- [WHAT TO WORK ON]: Please return the lines from the one with "Clienta sosteniendo el" through the end of the listing below, word for word, with every picture left out.

- [GIVEN MATERIAL]:
- Opening Delimiter -

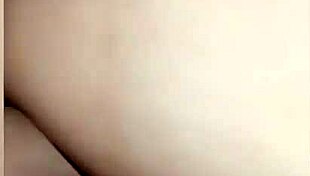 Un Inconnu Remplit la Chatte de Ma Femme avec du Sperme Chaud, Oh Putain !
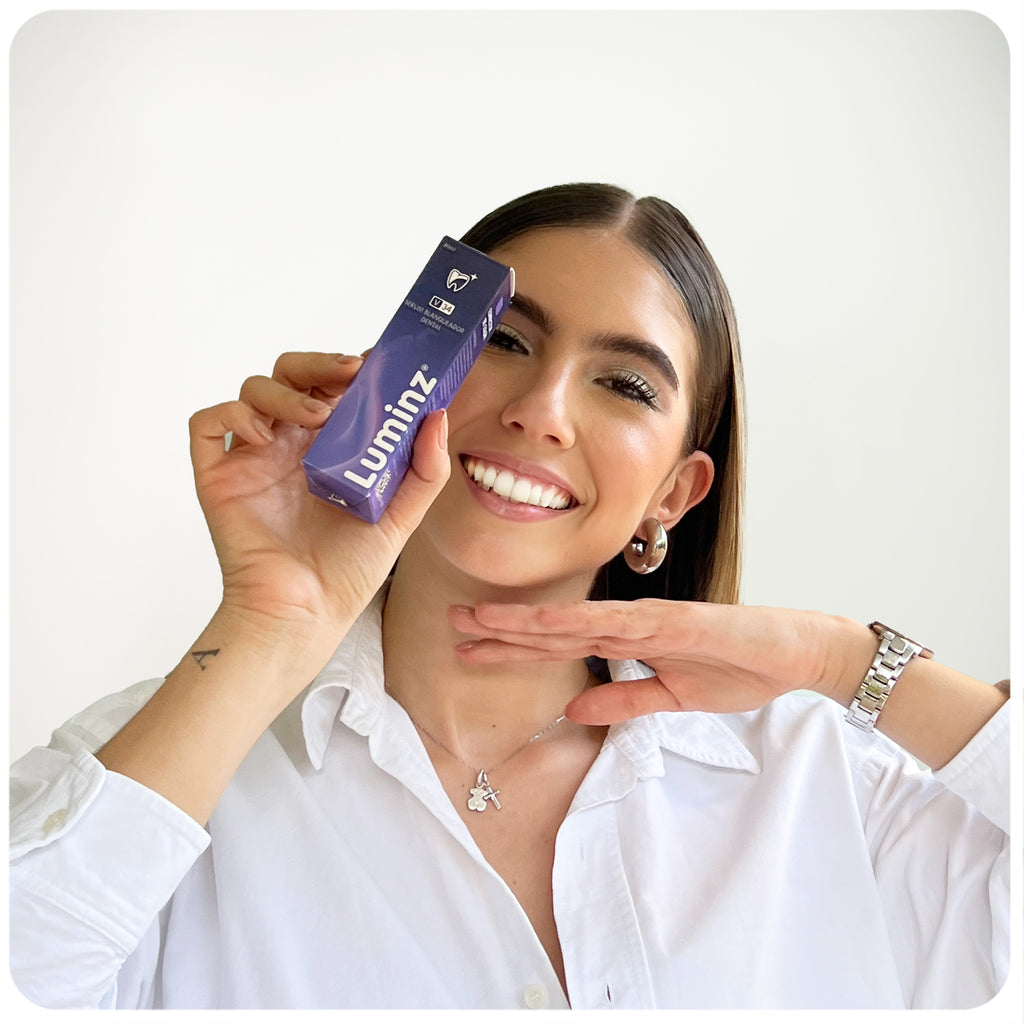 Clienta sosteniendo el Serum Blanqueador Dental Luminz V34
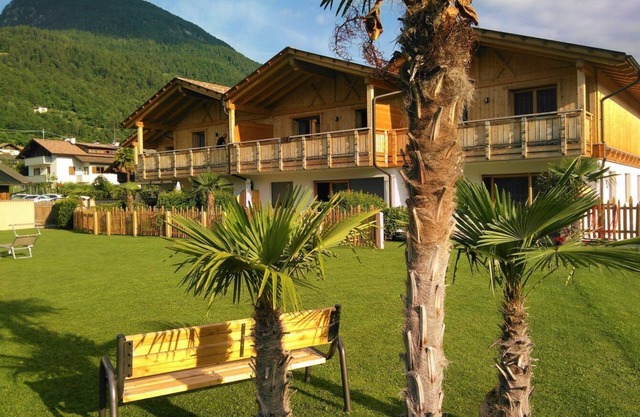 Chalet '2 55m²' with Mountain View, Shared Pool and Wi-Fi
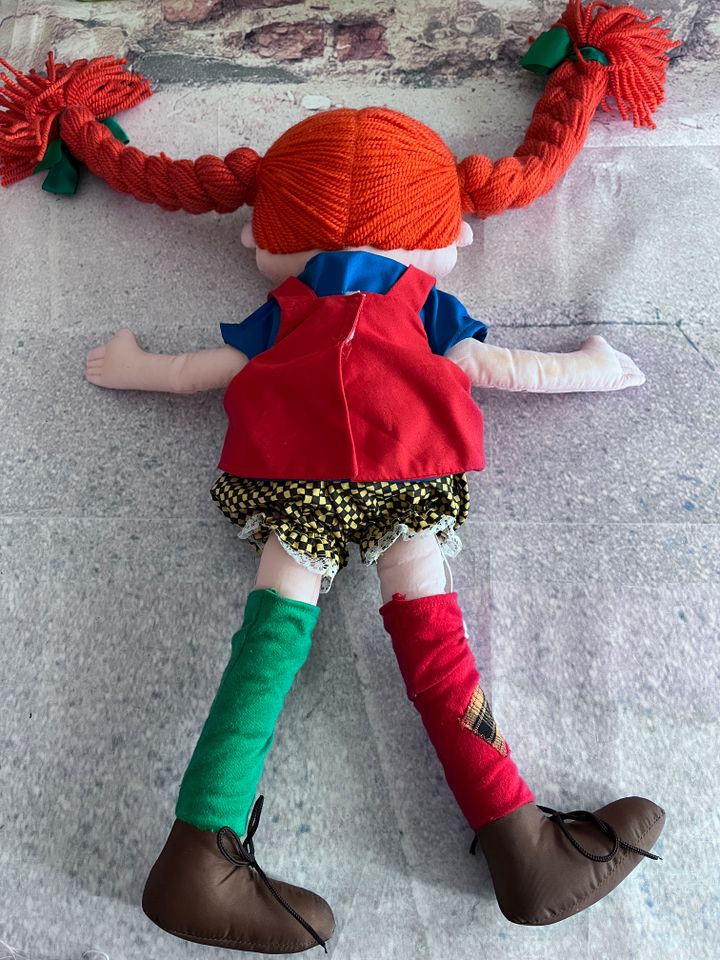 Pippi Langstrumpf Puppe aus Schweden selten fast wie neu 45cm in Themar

- Closing Delimiter -

- [EXERCISE RESPONSE]:
 Clienta sosteniendo el Serum Blanqueador Dental Luminz V34
 Chalet '2 55m²' with Mountain View, Shared Pool and Wi-Fi
 Pippi Langstrumpf Puppe aus Schweden selten fast wie neu 45cm in Themar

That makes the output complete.